With this all in mind, it becomes easy to figure out the elements of $D_4$ in cycle notation, since it will just be the elements of $S_4$ interchanging the corresponding numbers that align with the vertices in the symmetry of the polygon. For example: the symmetry corresponding to a reflection about the main diagonal fixes $2$ and $4$, but swaps $1$ and $3$. Thus we could write this as $(2) \; (4) \; (1 \; 3)$, or more compactly by eliminating the $1$-cycles and just having $(1 \; 3)$.
In summary: the idea is to determine all of the symmetries of the square, and then consider where each symmetry maps each vertex/number. Write that result in cycle notation.
Namely, $D_4$ consists of:

*

*Identity / "Do Nothing:" $e$ (or $0$ or $id$ or whatever notation you prefer)

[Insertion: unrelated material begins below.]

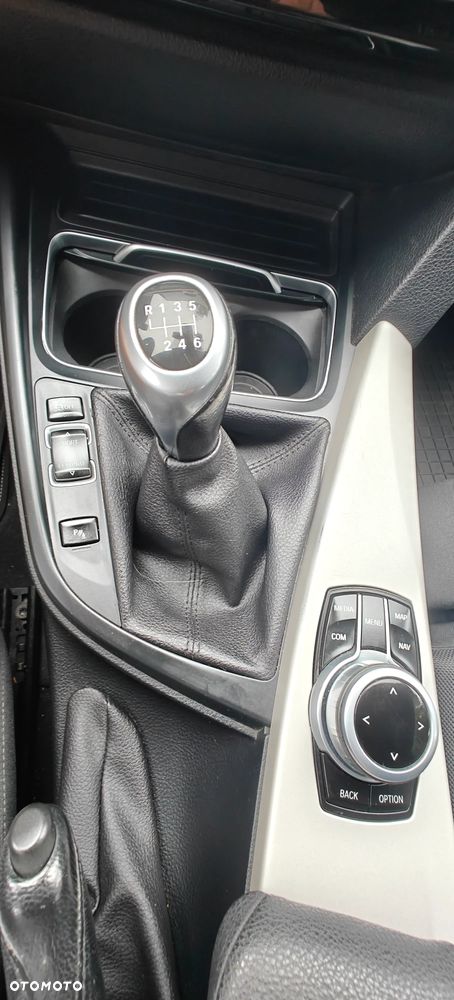 BMW Seria 3 325d Touring Sport Line - 11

*Rotation $90^\circ$ counterclockwise: $(1 \; 2 \; 3 \; 4)$

*Rotation $180^\circ$ counterclockwise: $(1 \; 3) \; (2 \; 4)$

*Rotation $270^\circ$ counterclockwise: $(1 \; 4 \; 3 \; 2)$

*Reflection about vertical axis: $(1 \; 2) \; (3 \; 4)$

*Reflection about horizontal axis: $(1 \; 4) \; (2 \; 3)$

*Reflection about main diagonal (the one through $2,4$): $(1 \; 3)$

*Reflection about anti-diagonal (the one through $1,3$) $(2 \; 4)$


I find that all the rotations would be written as the cycle:
$( 1 2 3 4 )=( 2 3 4 1 )=( 3 4 1 2 )=(4 1 2 3)$

That would only correspond to a $90^\circ$ rotation counterclockwise. It does not encompass the other two rotational symmetries.

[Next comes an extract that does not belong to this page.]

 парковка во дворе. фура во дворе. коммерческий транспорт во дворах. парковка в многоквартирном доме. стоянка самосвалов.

We have $D_4=\{ ( 1 2 3 4 ), ( 2 1 4 3), ( 3 4 2 1), (2 3), (1 4)\}$

Based on this (namely the last two elements), I imagine you noticed the diagonal symmetries, and thus have your square labeled as below:

On this premise, then:

*

*The first and second symmetry make no sense to me (maybe I guessed your numbering wrong?)

*The third symmetry is indeed a $90^\circ$ counterclockwise rotation

*The fourth and fifth symmetries are about the diagonals

*The $5$ symmetries you lack (if we throw away the first two that don't make sense) are the identity, $180^\circ$ and $270^\circ$ rotations, and reflections about opposing midpoints

A: $D_4$ is generated by $(1234)$, a rotation,  and $(14)(23)$, a reflection. 
So we get $D_4=\{e,(1234),(13)(24),(1432),(14)(23),(42),(13),(12)(34)\}$.